Apple sells 645,000 devices a day during Q2

Apple sells 645,000 devices a day during Q2

Summary: Apple sold an incredible 645,000 devices on average each and every day over the 91 days of the financial quarter.


On Tuesday, Apple announced its Q2 2012 financial results, and the information offers us a look at just what a sales powerhouse the Cupertino giant has become.

Individually, the numbers are staggering. Apple sold 35.1 million iPhones, 11.8 million iPads, 7.7 million iPods and 4 million Macs. This works out to an incredible 58.6 million devices sold over the 91 days of the financial quarter. To put that another way, it is nearly 645,000 devices a day, with over 385,000 of these being iPhones, and almost 130,000 of them iPads.

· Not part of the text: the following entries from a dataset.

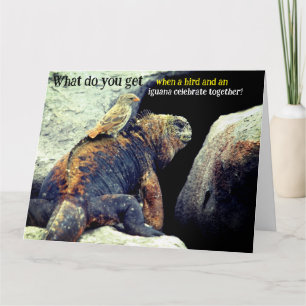 Carte Amusant Oiseau Et Marine Iguana Anniversaire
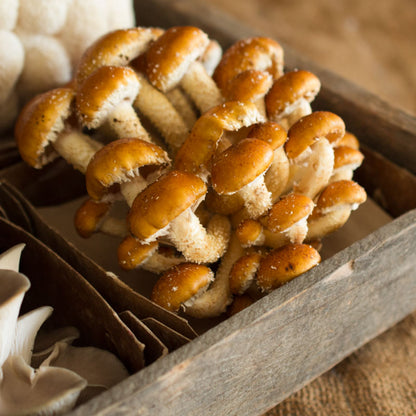 Chestnut Mushrooms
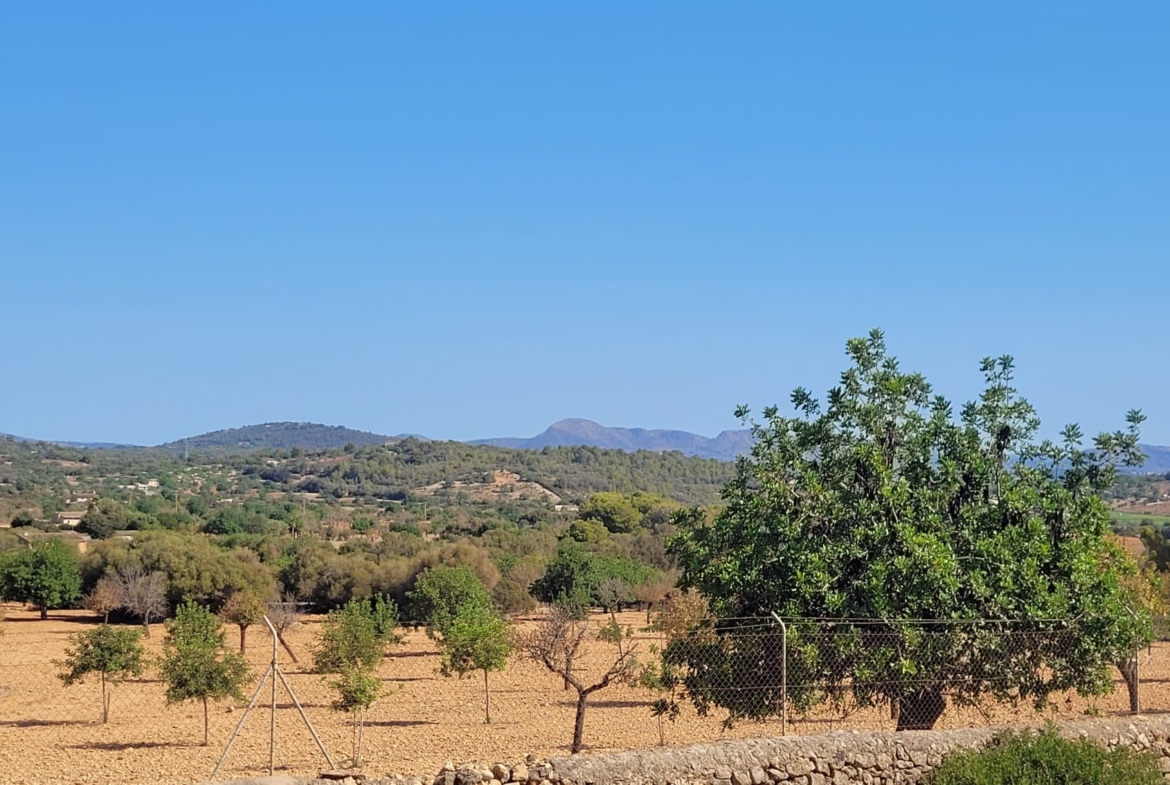 Terreno edificable con proyecto aprobado en Son Amoixa, Manacor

But if we take a deeper dive into the numbers, we can tease out some more eye-opening figures. For example, over a period spanning 42 quarters (Q1 2002---Q2 2012) Apple has sold 344.3 million iPods, but in a period spanning only 20 quarters (Q3 2007---Q2 2012) the company has sold 218.1 million iPhones.

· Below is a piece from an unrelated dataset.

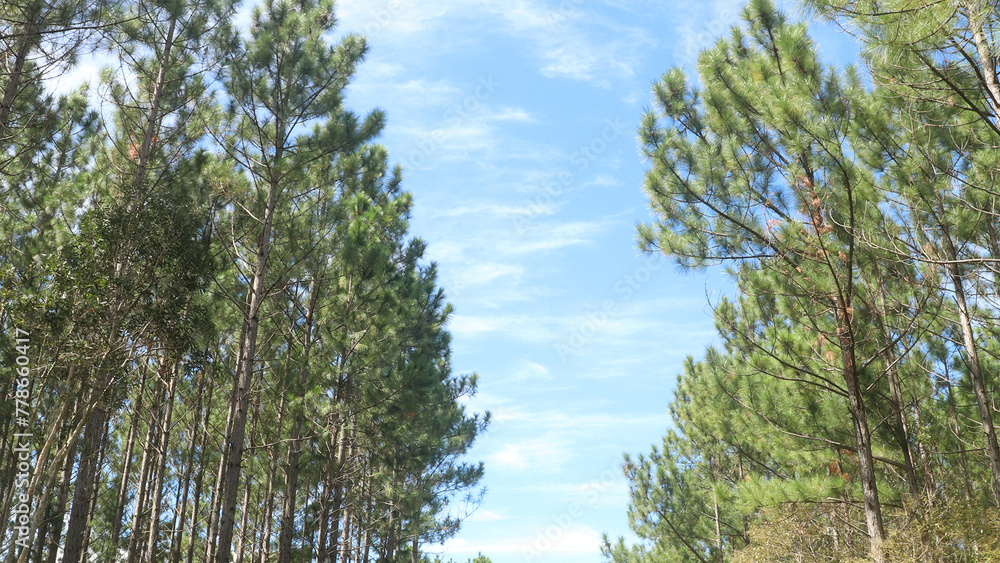 Obraz premium pine trees grass and sky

iPad sales data also makes interesting reading. So far, Apple has sold 67 million iPads. It took the company 24 years to sell that many Macs, 5 years to sell that many iPhones and 3 years to sell that many iPhones.

Notice also how Apple has shifted to selling higher value devices, selling as many iPads -- which range in price from $399 for the iPad 2 to $829 for the 64GB Wi-Fi + 4G iPad 3 -- as it does iPods -- which range in price from $49 for the 2GB iPod shuffle to $399 for the 64GB iPod touch. The iPad and the iPhone are in many ways the 'new iPod', only a far more profitable iPod for Apple.

If we add Macs into the equation, they are barely a blip on the post-PC landscape. The chart below focuses on the period during which the iPhone has been available.

iPod sales may be declining, and Mac sales stagnant, but strong iPhone sales along with the iPad going from strength to strength means that Apple has nothing to worry about.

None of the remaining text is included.